Lo anterior marca el deterioro del llamado ‘poder’ legislativo. Los congresos y parlamentos han dejado de funcionar con la meta de defender y cultivar el interés público. Pero eso no quiere decir que han dejado de funcionar. Al contrario, de manera activa los miembros del poder legislativo desempeñan una función de agencias del capital financiero y del neoliberalismo: votan sus leyes contrarias al interés público, erigen nuevas barreras regulatorias en contra de competidores no deseados y, sobre todo, bloquean cualquier iniciativa que pudiera acrecentar el poder ciudadano.

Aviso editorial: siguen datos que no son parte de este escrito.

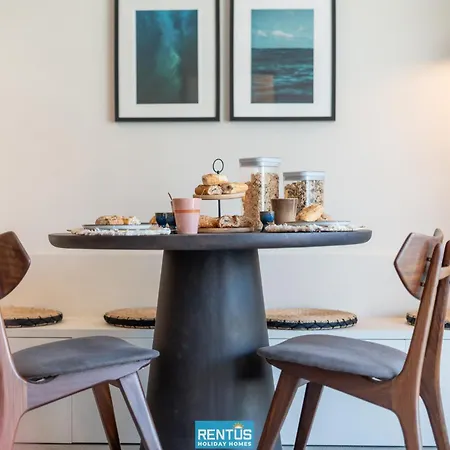 C - With Sea View Апартаменты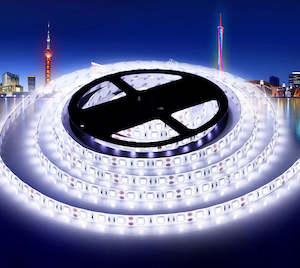 12V LED strip Cool per meter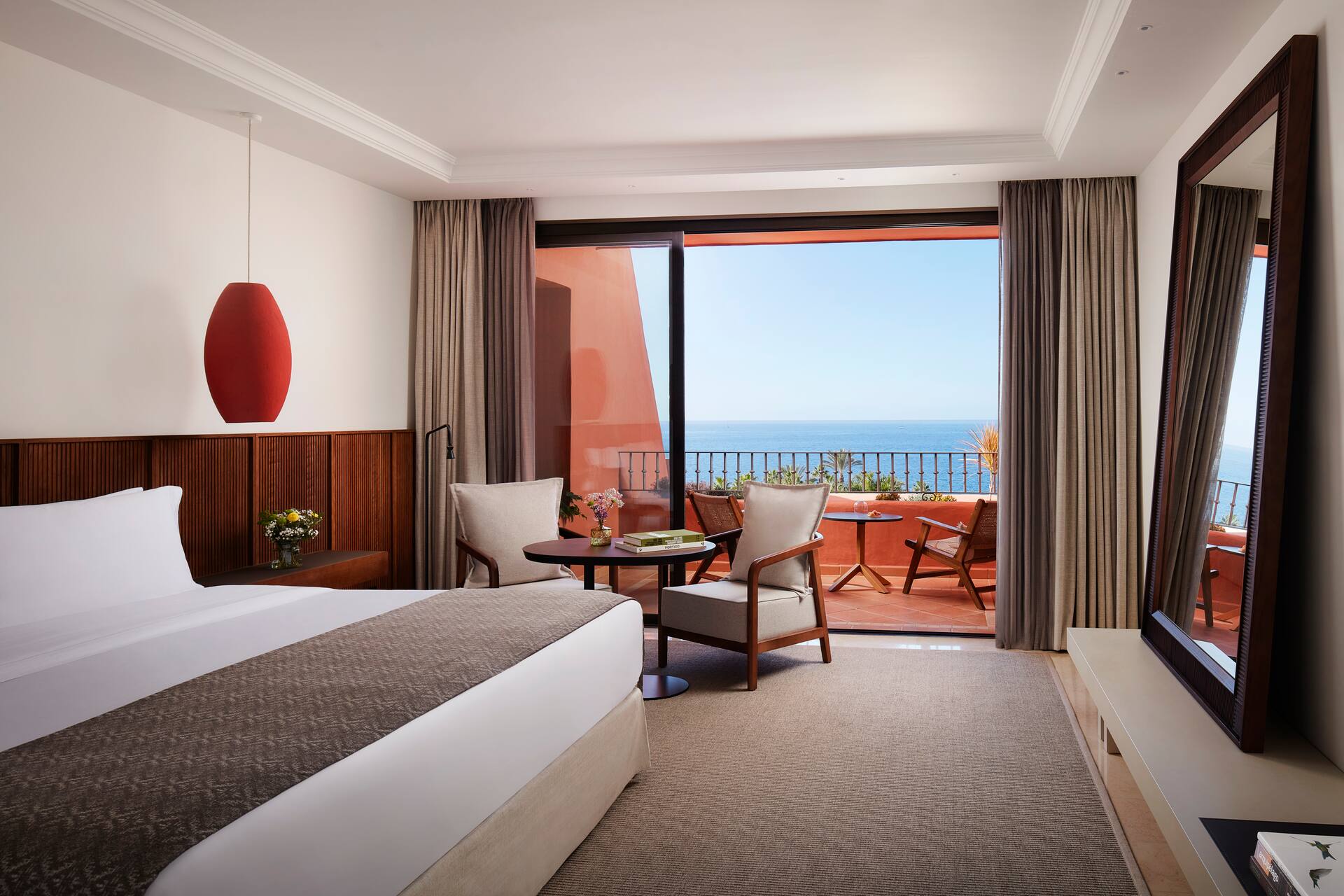 <p>Premium-huone, merinäköala</p>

La segunda señal es la concentración de poder económico y la desigualdad. Las grandes corporaciones, nacionales e internacionales, tienen hoy una capacidad nunca antes vista para organizar espacios económicos alrededor de sus intereses y estrategias de expansión. Su tamaño, grado de diversificación y de integración les da acceso a muy fuertes economías de escala y de alcance. Eso les permite adoptar todo tipo de comportamientos estratégicos, desde la segmentación de mercados hasta la manipulación de precios para transferir rentabilidad a lo largo de la cadena de valor. Todo eso conduce a la enorme concentración de poder en todas las ramas de la producción a escala mundial.
Frente a las grandes corporaciones las comisiones regulatorias de los gobiernos no desaparecen. Simplemente se refuncionalizan y adoptan la misión de servir a estas gigantescas empresas para legitimizarlas. El síndrome de las puertas revolventes es una expresión de todo esto. Y cualquiera que se haya escandalizado frente a los abusos del sector financiero o que haya participado en la lucha contra los organismos genéticamente modificados puede dar testimonio de lo anterior.
La desigualdad económica y la concentración del ingreso son el telón de fondo de la acumulación bajo el neoliberalismo. Y eso necesita una nueva y más potente capacidad represora. Por eso tenemos la tercera señal: el extraordinario crecimiento del aparato de seguridad del Estado. Las funciones de represión directa y de espionaje se han reorganizado y hoy se encuentran en el corazón de múltiples agencias a nivel nacional o regional, muchas veces con fuertes vínculos con la delincuencia organizada.
Todo lo anterior se acompaña de un hecho fundamental: la desmovilización de la ciudadanía. Si el voto no es respetado y si el parlamento es corrompido, carece de sentido ir a las urnas el día de las elecciones. Por eso el abstencionismo es el partido mayoritario en todo el mundo y parece confirmar la idea de que es inútil tratar de recuperar el control sobre la vida política. Los abusos de los bancos o de los fabricantes de comida chatarra se convierten en una fatalidad que hay que sufrir cotidianamente. Al final del camino los ciudadanos se transforman en consumidores (de todo tamaño) o en átomos de una materia prima llamada fuerza de trabajo.
El bloqueo y ataque en contra de la democracia no debe ser confundido con la reducción del tamaño del Estado. La izquierda debe tomar nota: estamos frente a un esfuerzo concertado para erigir un nuevo sistema en el que la democracia no tiene cabida.